ASSIGNED TASK: No pictures belong in the result; set down exactly the lines from the one containing "Navigation icon set" through the final line of the listing, and nothing more.
===== INPUT DATA
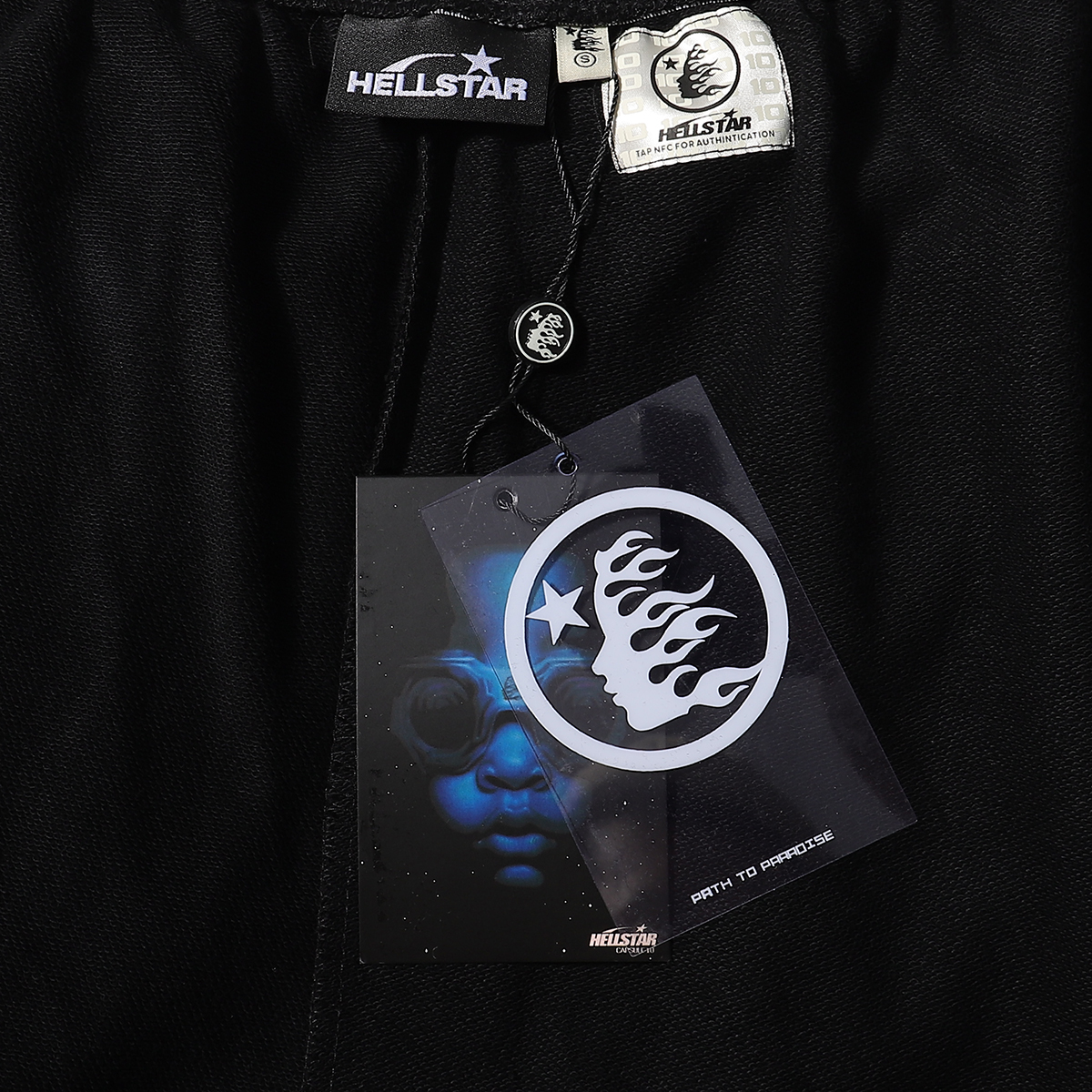 Coco Shoes Hellstar Angry Skull Print Logo Black Shorts 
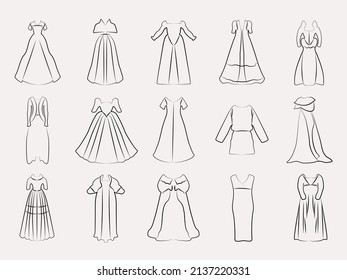 conjunto de vectores de silueta de vestidos estéticos. Vector. Todo tipo de vestidos de mujer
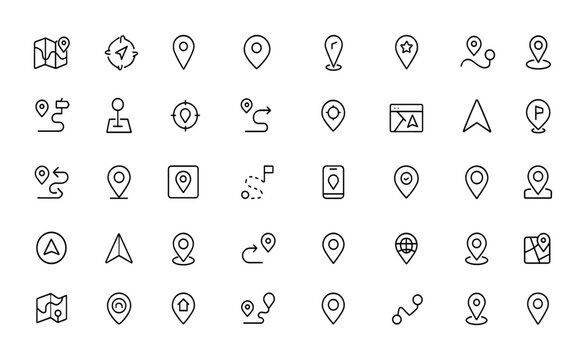 Navigation icon set with adjustable line weight. Vector outline of map, compass, route, pin, location, marker, destination, travel, geography, direction symbols, label, plan, locator, web app design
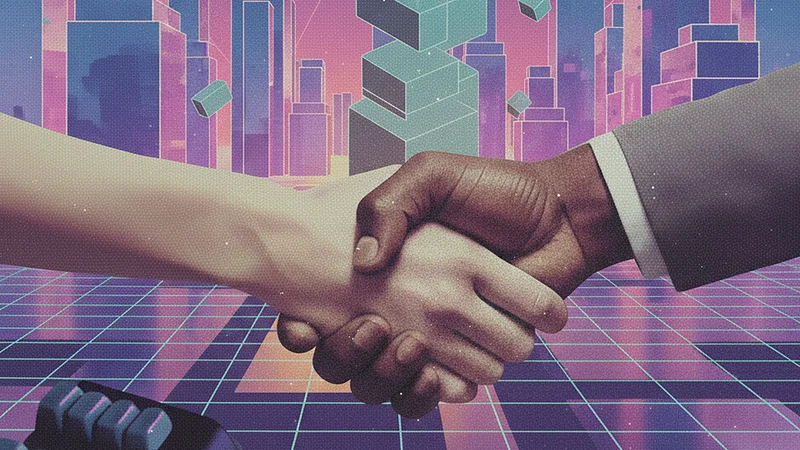 Handshake in a futuristic digital city representing proactive security and enterprise AI trust.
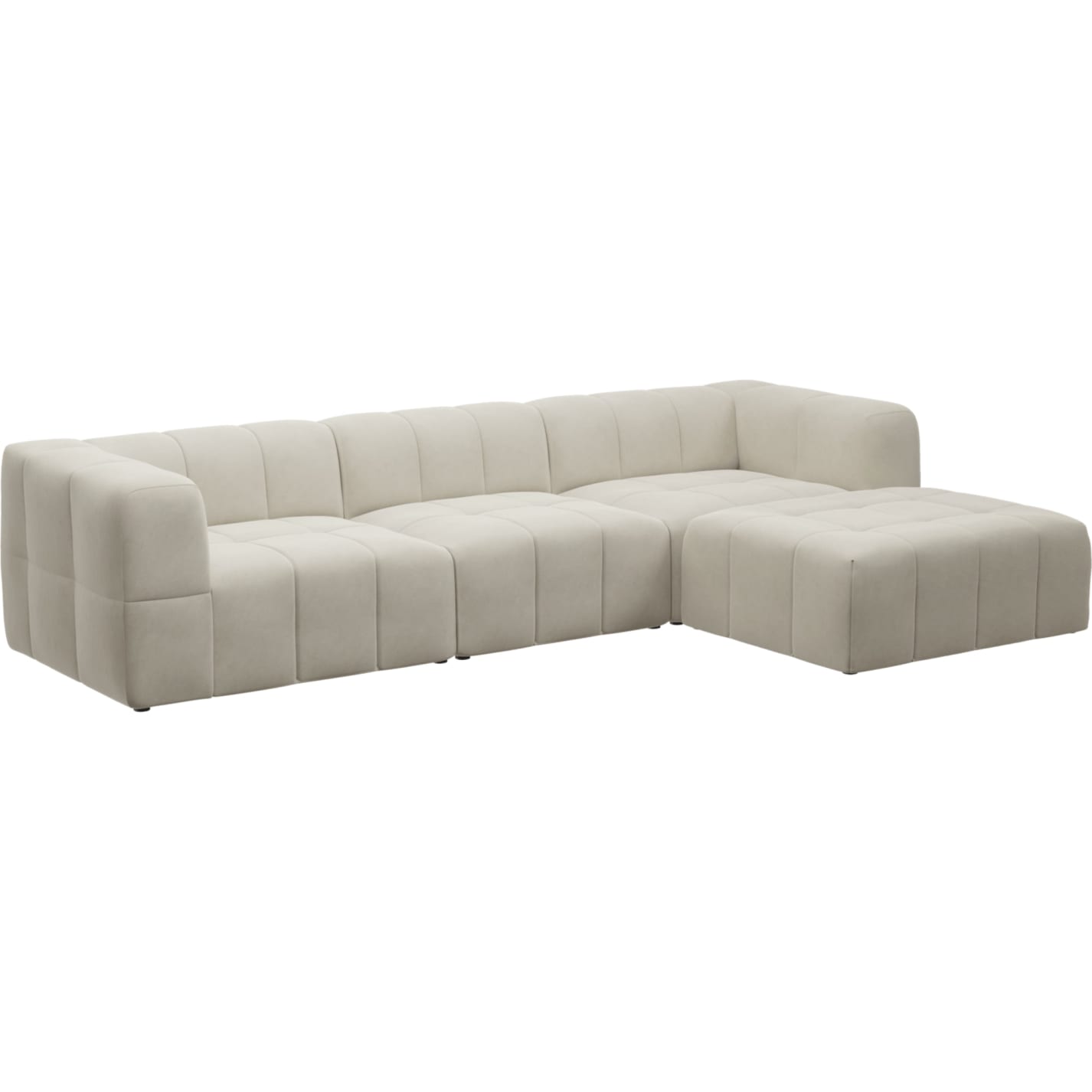Lucello Muse Flax Modular Sofa with Ottoman - 4 Piece color Muse Flax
==========
COMPLETED TASK:
 Navigation icon set with adjustable line weight. Vector outline of map, compass, route, pin, location, marker, destination, travel, geography, direction symbols, label, plan, locator, web app design
 Handshake in a futuristic digital city representing proactive security and enterprise AI trust.
Lucello Muse Flax Modular Sofa with Ottoman - 4 Piece color Muse Flax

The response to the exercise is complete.